INSTRUCTIONS FOR THE TASK:
Repeat the data exactly, please.

___ SOURCE DATA ___

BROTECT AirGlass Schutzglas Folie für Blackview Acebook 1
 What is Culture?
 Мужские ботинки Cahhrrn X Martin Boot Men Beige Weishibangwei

___

ANSWER SPACE:
BROTECT AirGlass Schutzglas Folie für Blackview Acebook 1
 What is Culture?
 Мужские ботинки Cahhrrn X Martin Boot Men Beige Weishibangwei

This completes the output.